AMOR A LA CRUZ
El 3 de mayo celebramos la fiesta de la Santa Cruz, en la que se muere para vivir; para vivir en Dios y con Dios, para vivir en la verdad, en la libertad y en el amor, para vivir eternamente, como dijo
alguna vez San Juan Pablo II.
En el siglo IV, la emperatriz Santa Elena encontró el madero en que murió Cristo Redentor. Sin embargo, en el año 614 la Cruz fue tomada de Jerusalén por los persas como trofeo de guerra.
Más adelante, el emperador Heraclio la rescató y el Madero retornó a la Ciudad Santa el 14 de septiembre de 628. Desde entonces se celebra litúrgicamente en la Iglesia Universal esta festividad.
Al llegar de nuevo la Santa Cruz a Jerusalén, el emperador dispuso acompañarla en solemne procesión, pero vestido con todos los lujosos ornamentos reales, y de pronto se dio cuenta de que no era capaz de avanzar.

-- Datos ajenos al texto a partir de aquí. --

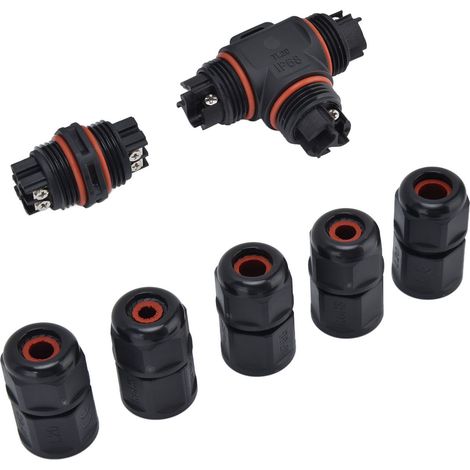 Boîte de jonction étanche IP68 3 broches pour câble électrique extérieur éclairage puissance 250V 16A (1/5)
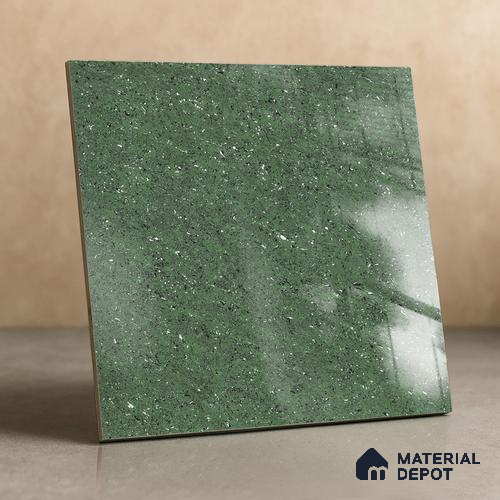 Double Charge Floor & Wall Tile TL 00436 Dualcore Emerald Green 2 ft x 2 ft Vitrified Glossy Finish - 9 mm | Suitable for Bedroom, Living Room, Office & Bathroom Wall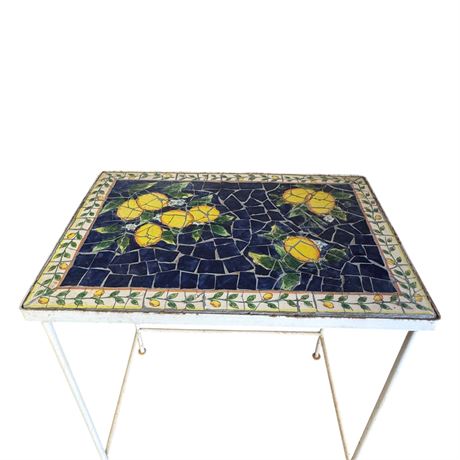 Mosaic Table - Metal Base
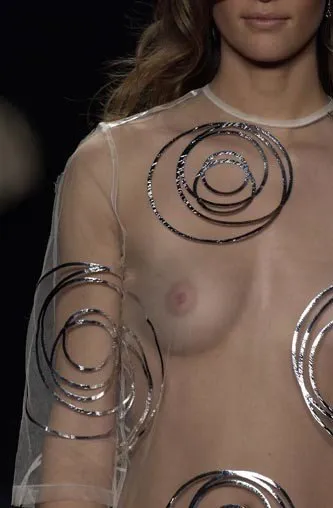 runway rack on display. breezy.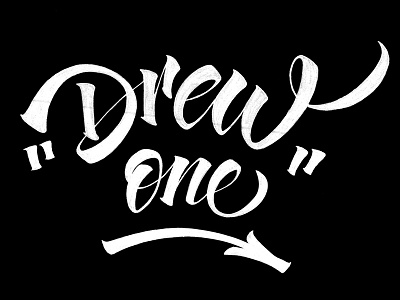 Drew One tag brushpen caligraffiti caligraphy customtype graffiti handlettering handwriting lettering tag tombow typography writing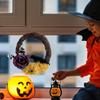 Halloween Wreath Simulation Plant Garland with Crow Vines Horror Party Festival Branch Wreath Hanging Room Halloween Decor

Zacarías, arzobispo de Jerusalén, le dijo: “es que todo ese lujo de vestidos que lleva está en desacuerdo con el aspecto humilde y doloroso de Cristo, cuando iba cargando la Cruz por estas calles”. Él se despojó del lujo y descalzo pudo seguir.

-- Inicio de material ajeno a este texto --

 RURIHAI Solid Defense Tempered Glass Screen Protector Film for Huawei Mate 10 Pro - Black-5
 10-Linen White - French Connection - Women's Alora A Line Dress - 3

Para evitar nuevos robos, el Santo Madero fue dividido en varios pedazos y repartidos a
Roma y Constantinopla, mientras que un tercero se quedó en Jerusalén en un hermoso cofre de plata. Otro se partió en pequeñas astillas para ser repartidas en diversas iglesias del mundo, las cuales fueron llamadas “Veracruz” (Verdadera Cruz).

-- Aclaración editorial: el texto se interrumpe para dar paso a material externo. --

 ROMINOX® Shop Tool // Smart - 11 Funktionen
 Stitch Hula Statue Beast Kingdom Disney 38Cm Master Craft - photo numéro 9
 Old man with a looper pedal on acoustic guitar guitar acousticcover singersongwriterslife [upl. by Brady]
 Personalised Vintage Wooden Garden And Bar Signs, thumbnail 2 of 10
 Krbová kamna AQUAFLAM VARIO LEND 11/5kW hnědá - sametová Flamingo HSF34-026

No es posible seguir a Cristo, alcanzar la santidad, sin la
Cruz. El Señor se entregó por cada uno de nosotros y nos mostró el camino para seguirle. Y el alma que persevera en su amor encuentra en su caminar la Cruz y en ella a Cristo.
La misión de Jesucristo alcanza su plenitud en el sacrificio del Calvario, al que se ordena toda su vida. El cristiano, que sigue el camino trazado por su Maestro, alcanza también la plenitud de su identificación con Cristo, cuando se une a Él en la Cruz, cuando se hace con Jesucristo obediente hasta la muerte, y muerte de cruz, como recuerda San Pablo.
Y continúa el apóstol: con Cristo estoy crucificado: vivo, pero ya no vivo yo, sino que Cristo vive en mí. Y la vida que ahora vivo en la carne, la vivo en la fe del Hijo de Dios, el cual me amó y se entregó a sí mismo por mí.
Como hijos de Dios, no solo hemos de tener vivo el dolor por nuestros pecados personales: No podemos permanecer indiferentes ante el hecho de que se ofenda al Señor, de que se atropelle la ley divina sin remordimiento.
Podría ocurrir alguna vez que ese encuentro con la Cruz se produzca de un modo instantáneo, repentino, y exija de nosotros un acto heroico –ayudados por la gracia– de aceptación de la Voluntad divina.
Pero no es esto lo ordinario. La peculiaridad de nuestra vocación de cristianos corrientes nos lleva a conformarnos con la Cruz de Cristo en mil cosas pequeñas, diarias, constantes.
Pidamos a Nuestra Señora que sepamos abrazarnos cada día a la Cruz de su Hijo Jesús, que se concretará en cumplir con las obligaciones ordinarias.
No podemos permanecer indiferentes ante el hecho de que se ofenda al Señor, de que se atropelle la ley divina sin remordimiento.